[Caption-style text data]
====

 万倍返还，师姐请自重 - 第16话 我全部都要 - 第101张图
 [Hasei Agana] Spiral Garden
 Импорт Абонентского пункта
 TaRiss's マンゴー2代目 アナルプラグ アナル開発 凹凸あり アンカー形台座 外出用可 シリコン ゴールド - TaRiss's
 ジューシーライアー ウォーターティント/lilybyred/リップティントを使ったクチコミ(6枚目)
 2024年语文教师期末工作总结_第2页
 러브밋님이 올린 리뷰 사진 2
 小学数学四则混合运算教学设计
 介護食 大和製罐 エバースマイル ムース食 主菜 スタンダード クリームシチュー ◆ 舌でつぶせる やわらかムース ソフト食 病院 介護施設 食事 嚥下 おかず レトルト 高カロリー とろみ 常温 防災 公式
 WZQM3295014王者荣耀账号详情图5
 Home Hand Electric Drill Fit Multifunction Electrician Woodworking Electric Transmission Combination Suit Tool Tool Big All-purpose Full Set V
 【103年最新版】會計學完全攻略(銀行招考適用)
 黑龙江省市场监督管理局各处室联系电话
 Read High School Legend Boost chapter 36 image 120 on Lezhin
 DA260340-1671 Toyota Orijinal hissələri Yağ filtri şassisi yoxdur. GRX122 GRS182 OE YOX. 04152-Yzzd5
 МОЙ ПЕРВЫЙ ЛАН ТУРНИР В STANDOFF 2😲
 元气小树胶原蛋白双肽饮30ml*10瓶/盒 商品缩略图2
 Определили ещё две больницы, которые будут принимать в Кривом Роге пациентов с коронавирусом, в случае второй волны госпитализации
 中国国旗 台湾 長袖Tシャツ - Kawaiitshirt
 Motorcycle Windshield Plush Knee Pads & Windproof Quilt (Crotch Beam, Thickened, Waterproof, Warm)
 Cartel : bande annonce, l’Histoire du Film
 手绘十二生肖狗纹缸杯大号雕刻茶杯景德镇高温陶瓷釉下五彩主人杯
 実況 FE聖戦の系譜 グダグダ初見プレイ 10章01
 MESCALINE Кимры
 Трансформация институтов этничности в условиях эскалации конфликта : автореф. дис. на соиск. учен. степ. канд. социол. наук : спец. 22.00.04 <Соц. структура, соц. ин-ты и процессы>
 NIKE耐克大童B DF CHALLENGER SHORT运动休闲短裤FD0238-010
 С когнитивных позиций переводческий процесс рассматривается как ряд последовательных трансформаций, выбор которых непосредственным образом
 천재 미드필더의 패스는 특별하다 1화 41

====

**Work to complete:**
Copy out the entries. Leave every line exactly as it is.

**Result:**
 万倍返还，师姐请自重 - 第16话 我全部都要 - 第101张图
 [Hasei Agana] Spiral Garden
 Импорт Абонентского пункта
 TaRiss's マンゴー2代目 アナルプラグ アナル開発 凹凸あり アンカー形台座 外出用可 シリコン ゴールド - TaRiss's
 ジューシーライアー ウォーターティント/lilybyred/リップティントを使ったクチコミ(6枚目)
 2024年语文教师期末工作总结_第2页
 러브밋님이 올린 리뷰 사진 2
 小学数学四则混合运算教学设计
 介護食 大和製罐 エバースマイル ムース食 主菜 スタンダード クリームシチュー ◆ 舌でつぶせる やわらかムース ソフト食 病院 介護施設 食事 嚥下 おかず レトルト 高カロリー とろみ 常温 防災 公式
 WZQM3295014王者荣耀账号详情图5
 Home Hand Electric Drill Fit Multifunction Electrician Woodworking Electric Transmission Combination Suit Tool Tool Big All-purpose Full Set V
 【103年最新版】會計學完全攻略(銀行招考適用)
 黑龙江省市场监督管理局各处室联系电话
 Read High School Legend Boost chapter 36 image 120 on Lezhin
 DA260340-1671 Toyota Orijinal hissələri Yağ filtri şassisi yoxdur. GRX122 GRS182 OE YOX. 04152-Yzzd5
 МОЙ ПЕРВЫЙ ЛАН ТУРНИР В STANDOFF 2😲
 元气小树胶原蛋白双肽饮30ml*10瓶/盒 商品缩略图2
 Определили ещё две больницы, которые будут принимать в Кривом Роге пациентов с коронавирусом, в случае второй волны госпитализации
 中国国旗 台湾 長袖Tシャツ - Kawaiitshirt
 Motorcycle Windshield Plush Knee Pads & Windproof Quilt (Crotch Beam, Thickened, Waterproof, Warm)
 Cartel : bande annonce, l’Histoire du Film
 手绘十二生肖狗纹缸杯大号雕刻茶杯景德镇高温陶瓷釉下五彩主人杯
 実況 FE聖戦の系譜 グダグダ初見プレイ 10章01
 MESCALINE Кимры
 Трансформация институтов этничности в условиях эскалации конфликта : автореф. дис. на соиск. учен. степ. канд. социол. наук : спец. 22.00.04 <Соц. структура, соц. ин-ты и процессы>
 NIKE耐克大童B DF CHALLENGER SHORT运动休闲短裤FD0238-010
 С когнитивных позиций переводческий процесс рассматривается как ряд последовательных трансформаций, выбор которых непосредственным образом
 천재 미드필더의 패스는 특별하다 1화 41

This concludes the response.